Incidentally, the same Triple-I feeblemindedness is applied retrospectively to judging historical personages, such as Francisco Franco. Il Caudillo certainly didn’t have wings on his back and, by the standards of the Doctors of the Church or even most US presidents, he was rather rough around the edges. But in 1936 the only available alternative to Franco was neither one of the Doctors of the Church nor even one of the US presidents. It was Stalin.
Had the wrong side won, Spain today would be like Romania. Hence Franco’s victory made him his nation’s saviour, not the ‘fascist’ of the bien pensant fantasy. The same logic fully applies to the Middle Eastern tyrants.

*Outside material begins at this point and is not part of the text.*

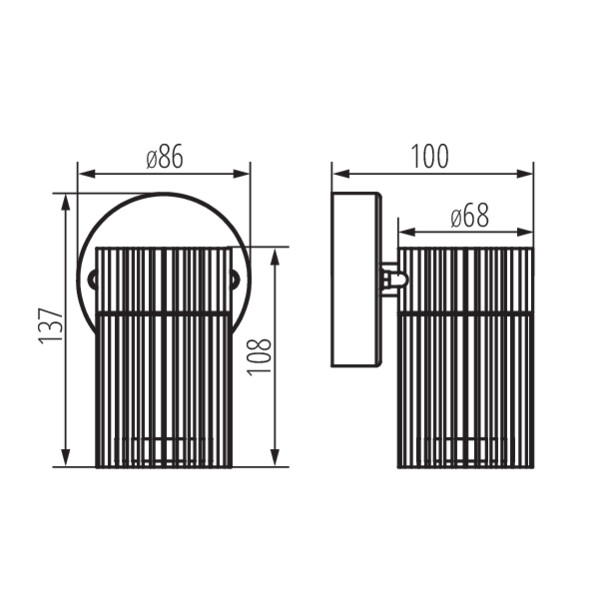 schemat wymiary produktu KANLUX RADILO EL 1X B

That’s essentially what Vlad the Broken Clock was saying, and for once he was right. Obama, however, endorsed the Triple-I approach to foreign policy in so many words. We should never “support tyrants like Bashar al-Assad,” he said, “who drop barrel bombs to massacre innocent children, because the alternative is surely worse.”
This ignores what’s obvious to any sane person: there are only three things the West can do in Syria. One, nothing. Two, support Assad. Three, support Isis.
Since, thanks to the Triple-I actions of the past, doing nothing is no longer an option, and Obama himself acknowledges that the alternative to Assad is “surely worse”, then supporting Assad is the only course of action that’s morally tenable and indeed mathematically possible.
Where Vlad proves that his clock is broken after all is in his attempt to use the mayhem as a hoist raising himself to a dominant position in the region. That’s like a doctor correctly diagnosing a chronic migraine and then prescribing potassium cyanide to treat it.
Russia’s domination of the Middle East would have worse strategic consequences for the West than any other possible outcome. Applying to the situation the same irrefutable logic that’s evidently beyond Obama, Putin’s kleptofascist regime calling shots in the region is the cyanide used to treat a headache.
How wrong do we have to be to make someone like Putin sound right on anything? My first impulse is to say, as wrong as wrong can be. But that would be underestimating our leaders’ talent for expanding the limits of folly towards infinity.
So things are going to get worse – before they get worse still.